Has anyone worked any more on the topic discussed in the blog post Tracking Issues with Data the Simple Way by @rufuspollock in the case where data is not hosted on GitHub?

I’d be particularly interested to hear about approaches successfully adopted for public sector open data portals. This article suggests that it is still an important challenge:

These advances aside, Kaehny said the “big criticism” he has left for the city’s progress report revolves around what it doesn’t include: any mention of how the department plans to address issues with the quality of some data sets.

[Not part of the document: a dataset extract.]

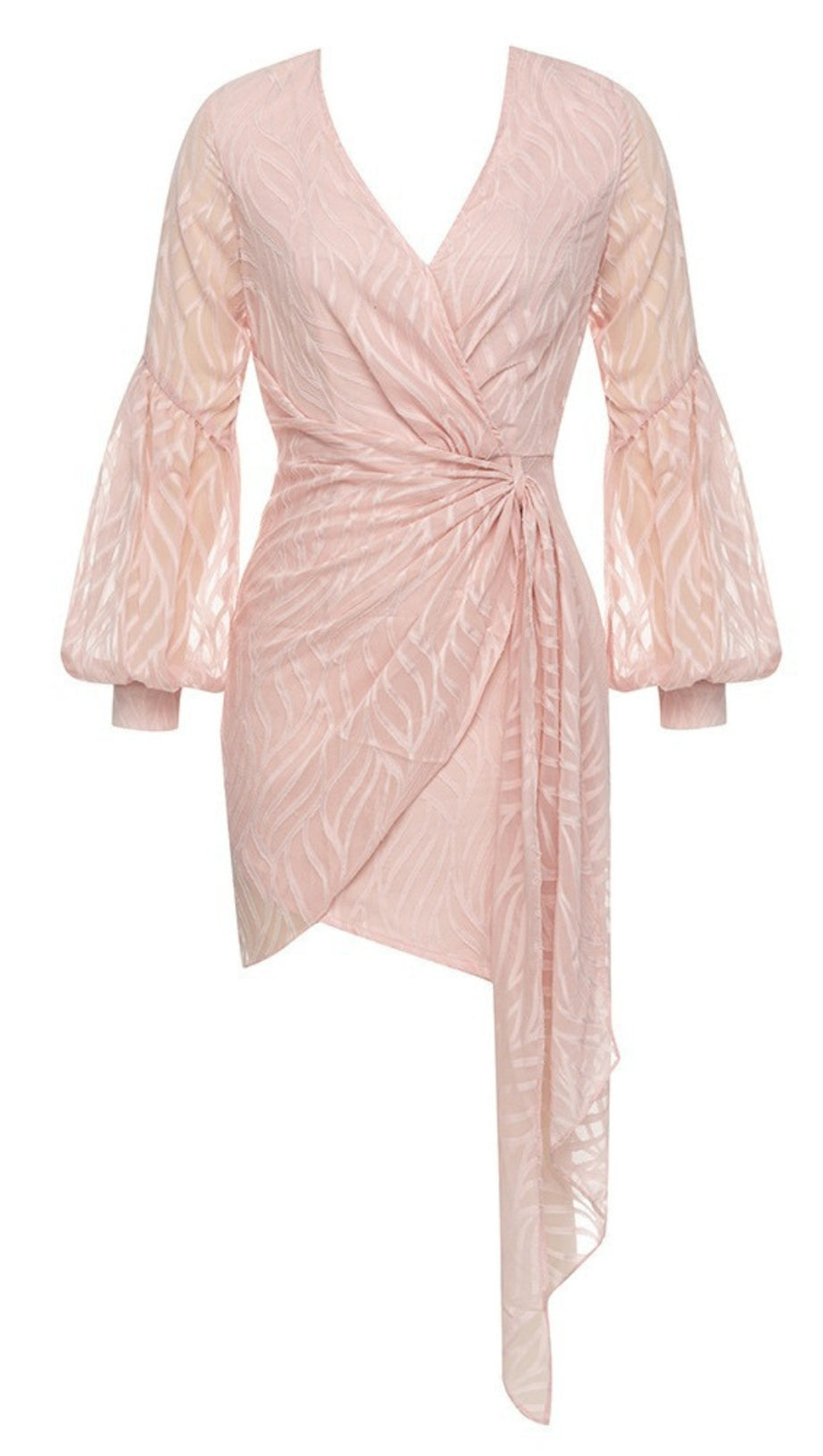 ZEBRA - PRINT WRAP - FRONT ASYMMETRIC MINI DRESS IN PINK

From “inconsistent geospatial data” to “bad metadata” to erroneous data duplication, Kaehny sees issues that the city could address if it had a better process for accepting feedback from the public and reacting to those comments.

3 Likes

Hi there @ewan_klein

Yes, we have done lots of work on Data Quality, mostly via our Frictionless Data specifications and related tools.

In particular, we have a Python library called goodtables that produces detailed, granular quality reports from tabular data, or collections of tabular data (e.g.: we can scan a public CKAN API and build quality reports for every tabular data file published on the instance).

We are about to launch a full continuous data validation service called goodtables.io that makes this trivially easy to do.

The Data Quality Spec has been extracted out of our work on goodtables to enable reuse, and we’ve got a beta version of a Data Quality Dashboard that can display quality results for large sets of data (think: visual interaction with quality results for each tabular data file on a CKAN instance, or any other public data collection).

Hi @pwalsh,

Thanks for the super-quick response! The Data Quality Dashboard looks great, so thanks for that link. However, I’m particularly interested in cases where data may be incorrect for reasons other than being syntactically ill-formed or invalid relative to a schema; for example, a geo-coding could be inaccurate, or a string could contain typos. Some of these errors may be picked up by people with ‘domain knowledge’ but with little or no technical expertise, so easy-to-use reporting mechanisms (plus support for tracking the data steward’s response) would be really helpful.

1 Like

@ewan_klein I wonder to what extent your issues could be addressed by writing custom checks in Good Tables:

cc: @roll

@danfowler
Yes custom checks seems pretty relevant. Here is a toy example of reporting error if there is an unicode character in the data:

But of course it could be any other checks with custom error codes related to your domain.

@ewan_klein
If you’re interested I’m ready to help here or you could create an issue - Issues · frictionlessdata/goodtables-py · GitHub - with description of what of custom check you’re looking for.

@roll and @danfowler, thanks both for the suggestions. I can see how a custom check would give you the basic functionality but I don’t fully grasp how this would be integrated within a user-facing scenario on a platform like CKAN. Do you have a rough idea of what the workflow / dataflow would be?

1 Like

@ewan_klein yes, this is a good question. I understand what you’re saying now. For a given registry, there should be an easy, user-facing way to flag data “issues”. Good Tables is good for automatically flagging a set of issues with data that the publisher could foresee.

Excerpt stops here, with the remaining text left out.